Spring Security Baseline
The default Spring Security configuration is reasonable as a starting point but needs hardening for production. The critical points:
Actuator endpoints are a common exposure vector. Disable all actuator endpoints over the main port and expose only what you need on a management port:
@Bean
public SecurityFilterChain securityFilterChain(HttpSecurity http) throws Exception {
http
.authorizeHttpRequests(auth -> auth
.requestMatchers("/actuator/health/liveness").permitAll()
.requestMatchers("/actuator/health/readiness").permitAll()
.requestMatchers("/actuator/**").hasRole("ACTUATOR_ADMIN")
.requestMatchers("/api/public/**").permitAll()
.anyRequest().authenticated()
)
.sessionManagement(session -> session
.sessionCreationPolicy(SessionCreationPolicy.STATELESS)
)
.csrf(csrf -> csrf.disable()); // Only for stateless API; keep CSRF for session-based apps
return http.build();
}
In application.properties:
management.server.port=9090
management.endpoints.web.exposure.include=health,info,metrics,prometheus
HTTP Hardening
CORS misconfiguration is the silent killer. I've reviewed APIs where allowedOrigins("*") combined with allowCredentials(true) was present in production — which is both a security vulnerability and technically invalid per the spec (browsers will reject it, but some configurations don't).
Be explicit:
@Bean
public CorsConfigurationSource corsConfigurationSource() {
CorsConfiguration config = new CorsConfiguration();
config.setAllowedOrigins(List.of("https://yourdomain.com"));
config.setAllowedMethods(List.of("GET", "POST", "PUT", "DELETE"));
config.setAllowCredentials(true);
UrlBasedCorsConfigurationSource source = new UrlBasedCorsConfigurationSource();
source.registerCorsConfiguration("/api/**", config);
return source;
}
Add security headers via a filter or at the reverse proxy level. HSTS, X-Content-Type-Options: nosniff, X-Frame-Options: DENY, and a Content Security Policy are the minimum set. If you're behind nginx, add them there — they apply to every response uniformly.
JWT vs Sessions
Stateless JWTs work well for APIs consumed by external clients or mobile apps. For browser-based applications, sessions with HttpOnly cookies are harder to XSS out of than localStorage-stored JWTs.
If you use JWTs, keep expiry short (15 minutes) and implement refresh token rotation — issue a new refresh token on each use and invalidate the old one. This limits the blast radius of a stolen refresh token.
Beware of "none" algorithm attacks. Always specify the expected algorithm explicitly when validating:
Jwts.parserBuilder()
.setSigningKey(publicKey)
.setAllowedClockSkewSeconds(30)
.build()
.parseClaimsJws(token); // throws if alg header doesn't match key type
Input Validation
Validate every @RequestBody at the controller boundary. This is not optional:
@PostMapping("/orders")
public ResponseEntity<OrderResponse> createOrder(
@Valid @RequestBody CreateOrderRequest request,
@AuthenticationPrincipal UserDetails principal
) {
// Never trust client-supplied owner IDs
// Always derive ownership from the authenticated principal
return orderService.create(request, principal.getUsername());
}
Two common mistakes: validating input but not enforcing ownership (user supplies userId=42 in the request body and you use it directly), and validating at the service layer instead of the controller (meaning the validation doesn't run in tests that mock the service).

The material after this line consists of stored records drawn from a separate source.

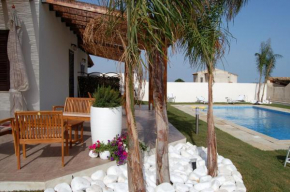 Villa Al Mare Guest House Tre Fontane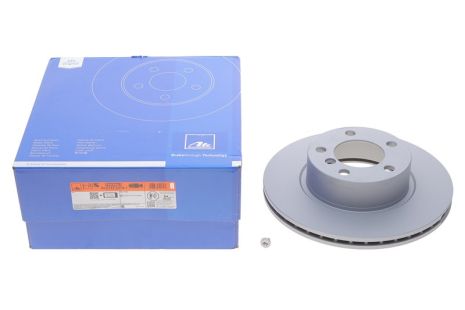 Диск гальмівний BMW 1, BMW 4, BMW 3, ATE (24012202781) Диск гальмівний BMW 1, BMW 4, BMW 3, ATE (24012202781)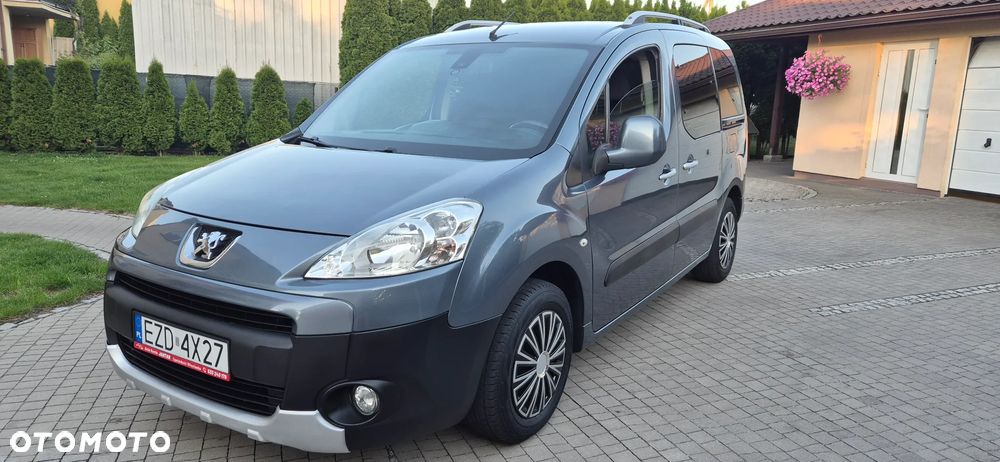 Peugeot Partner 1.6 HDi Active - 5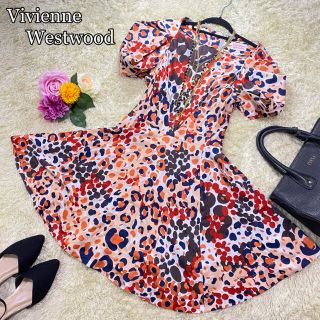 ヴィヴィアン(Vivienne Westwood) ひざ丈ワンピース(レディース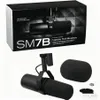 Shure SM7B Cardioid Dynamic...
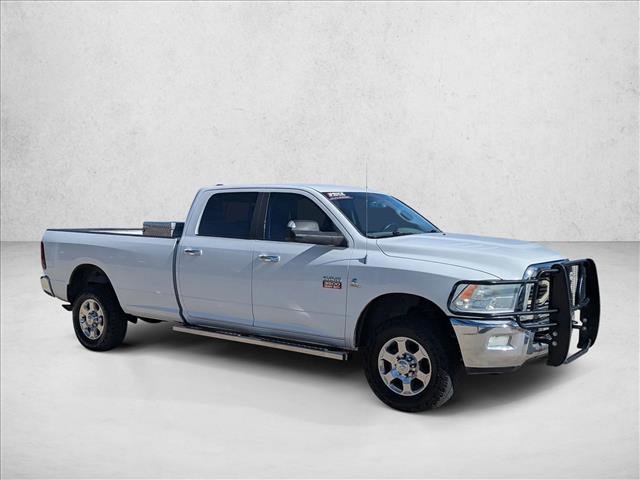 Used 2011 RAM 3500 Big Horn AWD/4WD image 3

For SQL injection: use Spring Data JPA or named parameters. Never concatenate user input into query strings. If you're writing native queries, use @Query with :param placeholders.
Security is a process, not a feature. The checklist above gets you to a defensible baseline — not an impenetrable system. Threat modelling, regular dependency scanning, and security-focused code review are what keep the baseline from eroding as the codebase grows.
Build security in from the start. Bolting it on later costs three times as much and leaves gaps.